# STUDY GROUP - M04S39
## Developing a Recommendation Engine in PySpark

### Objectives

You will be able to:
* explain approaches to recommendations systems
* explain concept of collborative filtering method for recommendation systems
* compare/contrast matrix decomposition techniques

### Approaches to Recommendation Systems

1. Popularity Rankings (non-personalized)

    Ex. news websites (CNN, BBC, etc)
    
2. Classification Algorithms (personalized)

    Ex. kNN
    
3. Recommendation Algorithms

    a. Content Based (item focused)
    
    b. Collaborative Filtering (user or item focused) - MOST POPULAR

### Collaborative Filtering

* The key idea behind CF is that similar users share the same interest and that similar items are liked by a user. CF is filling the blank (cell) in the utility matrix that a user has not seen/rated before based on the similarity between users or items.
    1. Memory Based 
    
        Pros - accurate recommendations
        
        Cons - high computational cost to keeping all data in memory
        
    2. Model Based 
    
        Pros - easier to scale (abstraction)
        
        Cons - recommendations not as accurate 
        

### Matrix Decomposition
* The idea behind such models is that preferences of a users can be determined by a small number of hidden factors. We can call these factors as Embeddings/low-dimensional hidden factors. 

    1. Single Value Decomposition (SVD)
    
$$ A = U\Sigma V^T$$

Where $A$ is an $n x d$ matrix, $U$ is an $(n x r)$ orthogonal matrix, $𝚺$ is an $(r x r)$ nonnegative rectangular diagonal matrix, and $V$ is an $(r x d)$ orthogonal matrix.
$U$ is also referred to as the __left singular vectors__, 𝚺 the __singular values__, and V the __right singular vectors__. 

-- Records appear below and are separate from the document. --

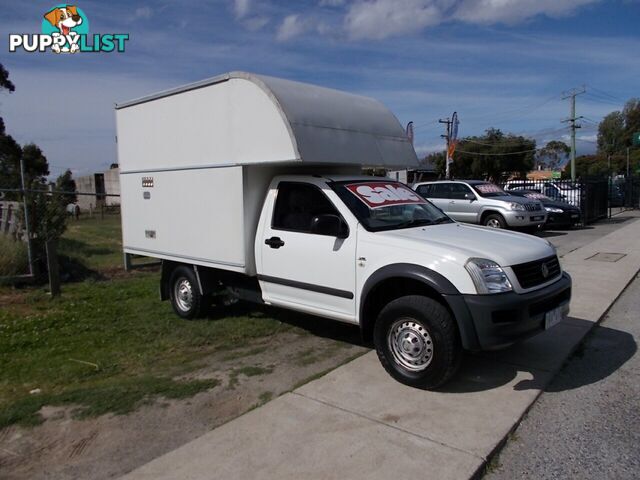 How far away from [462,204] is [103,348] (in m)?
12.4

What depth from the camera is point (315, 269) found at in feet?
16.6

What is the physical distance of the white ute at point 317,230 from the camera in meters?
4.17

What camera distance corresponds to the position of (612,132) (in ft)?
303

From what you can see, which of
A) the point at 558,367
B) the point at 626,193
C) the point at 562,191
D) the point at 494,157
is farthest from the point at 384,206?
the point at 494,157

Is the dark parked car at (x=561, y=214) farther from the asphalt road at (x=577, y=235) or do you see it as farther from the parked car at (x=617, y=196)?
the parked car at (x=617, y=196)

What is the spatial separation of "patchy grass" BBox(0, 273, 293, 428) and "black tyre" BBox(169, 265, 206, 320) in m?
0.14

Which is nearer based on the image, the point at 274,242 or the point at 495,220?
the point at 274,242

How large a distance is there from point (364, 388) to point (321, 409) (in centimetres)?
53

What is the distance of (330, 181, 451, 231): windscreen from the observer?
500cm

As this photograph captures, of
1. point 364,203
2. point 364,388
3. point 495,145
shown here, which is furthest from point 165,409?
point 495,145

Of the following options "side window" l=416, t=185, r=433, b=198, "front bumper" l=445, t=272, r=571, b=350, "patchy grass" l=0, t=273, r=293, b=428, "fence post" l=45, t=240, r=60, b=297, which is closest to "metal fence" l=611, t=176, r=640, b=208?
"side window" l=416, t=185, r=433, b=198

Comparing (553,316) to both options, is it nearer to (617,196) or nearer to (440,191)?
(440,191)

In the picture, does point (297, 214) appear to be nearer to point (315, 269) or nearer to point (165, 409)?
point (315, 269)

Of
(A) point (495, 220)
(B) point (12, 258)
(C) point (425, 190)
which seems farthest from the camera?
(C) point (425, 190) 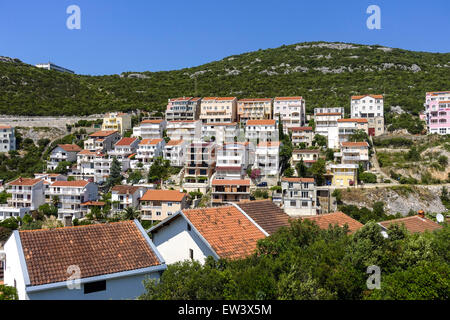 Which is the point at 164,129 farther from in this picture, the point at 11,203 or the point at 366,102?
the point at 366,102

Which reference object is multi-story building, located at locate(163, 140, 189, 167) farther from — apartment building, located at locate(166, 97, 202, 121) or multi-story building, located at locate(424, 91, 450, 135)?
multi-story building, located at locate(424, 91, 450, 135)

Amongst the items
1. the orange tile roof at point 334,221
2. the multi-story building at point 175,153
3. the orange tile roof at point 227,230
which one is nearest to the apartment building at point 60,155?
the multi-story building at point 175,153

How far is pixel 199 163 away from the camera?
61.4 m

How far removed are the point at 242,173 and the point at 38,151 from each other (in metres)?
44.7

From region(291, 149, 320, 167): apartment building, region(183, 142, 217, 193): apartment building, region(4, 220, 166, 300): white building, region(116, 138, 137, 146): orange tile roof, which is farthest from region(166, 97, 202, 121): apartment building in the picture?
region(4, 220, 166, 300): white building

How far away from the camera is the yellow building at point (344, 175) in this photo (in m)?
54.1

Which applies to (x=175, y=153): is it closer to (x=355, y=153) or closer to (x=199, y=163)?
(x=199, y=163)

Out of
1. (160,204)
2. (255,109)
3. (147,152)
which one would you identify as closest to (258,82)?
(255,109)

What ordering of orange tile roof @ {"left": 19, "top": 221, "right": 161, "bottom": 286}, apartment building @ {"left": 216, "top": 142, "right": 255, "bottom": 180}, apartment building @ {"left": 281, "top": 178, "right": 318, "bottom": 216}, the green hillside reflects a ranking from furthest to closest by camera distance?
the green hillside
apartment building @ {"left": 216, "top": 142, "right": 255, "bottom": 180}
apartment building @ {"left": 281, "top": 178, "right": 318, "bottom": 216}
orange tile roof @ {"left": 19, "top": 221, "right": 161, "bottom": 286}

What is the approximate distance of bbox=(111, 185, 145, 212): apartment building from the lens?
2080 inches

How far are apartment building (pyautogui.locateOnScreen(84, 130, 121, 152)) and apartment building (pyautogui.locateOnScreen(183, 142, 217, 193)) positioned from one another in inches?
744

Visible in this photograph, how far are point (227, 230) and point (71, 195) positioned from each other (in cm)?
4689

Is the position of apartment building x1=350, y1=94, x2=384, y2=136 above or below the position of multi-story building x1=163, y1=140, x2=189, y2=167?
above

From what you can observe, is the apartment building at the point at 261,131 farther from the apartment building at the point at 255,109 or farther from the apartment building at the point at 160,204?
the apartment building at the point at 160,204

SVD decreases the dimension of the utility matrix by extracting its latent factors.

Essentially, we map each user and each item into a latent space with lower dimension. Therefore, it helps us better understand the relationship between users and items as they become directly comparable.

At root what is SVD trying to do? What other techniques have we learned that do the same thing?

    2. Alternating Least Squares (ALS)

If we multiply each feature of the user by the corresponding feature of the item and add everything together, this will be a good approximation for the rating the user would give to that item.

$$ L = \sum_{u,i ∈  S}(r_{u,i}− x_u^T y_i)^2 + λ_x \sum_u||x_u||^2 + λ_y \sum_u||y_u||^2$$

For ALS minimiztion, we hold one set of latent vectors constant. Let's say we pick the item vectors and take the derivative of the loss function with respect to the other set of vectors (the user vectors). We set the derivative equal to zero and solve for the non-constant vectors (the user vectors).

Next comes the alternating part. With our new, solved-for user vectors in hand, we hold them constant, instead, and take the derivative of the loss function with respect to the previously constant vectors (the item vectors).

ALS involves alternate back and forth and carry out this two-step dance until convergence.

**ALS vs SVD**
* ALS is generally less computationally efficient than directly computing the SVD solution. 
* An interesting results of the SVD decomposition is that we get the complete nested set of low-rank approximations.
* ALS only gives you a single rank approximation. So if you wanted a rank 5 and rank 10 decomposition, you would need to run the ALS algorithm twice.
* SVD requires that all entries of the matrix be observed. This is not the case for ALS. Similarly, ALS easily generalizes to higher order cases (i.e., tensors) while SVD does not.